We have a weight to carry, a destination we can't know.
We have a weight to carry and can put it down nowhere.
We are the weight we carry from there to here to there.
-The Book of Counted Sorrows
On the desk in my candlelit study, the telephone rang, and I knew that
a terrible change was coming.
I am not psychic. I do not see signs and portents in the sky. To my
eye, the lines in my palm reveal nothing about my future, and I don't
have a Gypsy's ability to discern the patterns of fate in wet tea
leaves.
My father had been dying for days, however, and after spending the
previous night at his bedside, blotting the sweat from his brow and
listening to his labored breathing, I knew that he couldn't hold on
much longer. I dreaded losing him and being, for the first time in my
twenty-eight years, alone.
I am an only son, an only child, and my mother passed away two years
ago. Her death had been a shock, but at least she had not been forced
to endure a lingering illness.
Last night just before dawn, exhausted, I had returned home to sleep.

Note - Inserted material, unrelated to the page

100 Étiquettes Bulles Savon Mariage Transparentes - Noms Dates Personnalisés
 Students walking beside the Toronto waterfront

But I had not slept much or well.
Now I leaned forward in my chair and willed the phone to fall silent,
but it would not.
The dog also knew what the ringing meant. He padded out of the shadows
into the candleglow, and stared sorrowfully at me.

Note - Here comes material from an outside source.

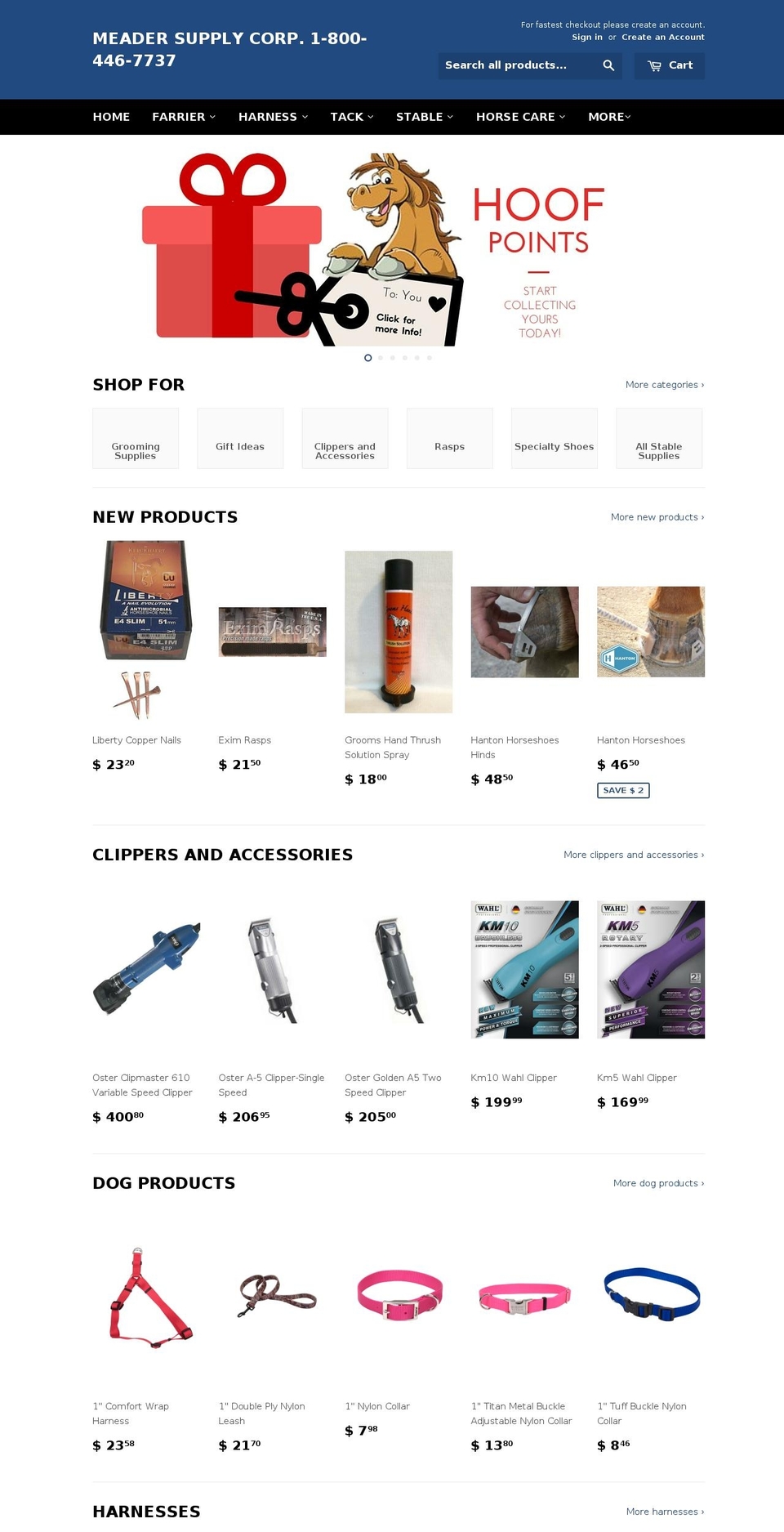 meadersupply.com shopify website screenshot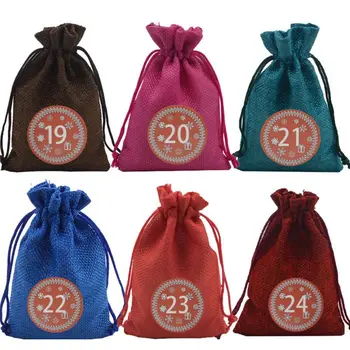 

2020 Christmas Advent Calendar 24 Days Hanging Candy Bags with Numbers Stickers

Unlike others of his kind, he will hold any man's or woman's gaze as
long as he is interested. Animals usually stare directly at us only
briefly-then look away as though unnerved by something they see in
human eyes. Perhaps Orson sees what other dogs see, and perhaps he,
too, is disturbed by it, but he is not intimidated.
He is a strange dog. But he is my dog, my steadfast friend, and I love
him.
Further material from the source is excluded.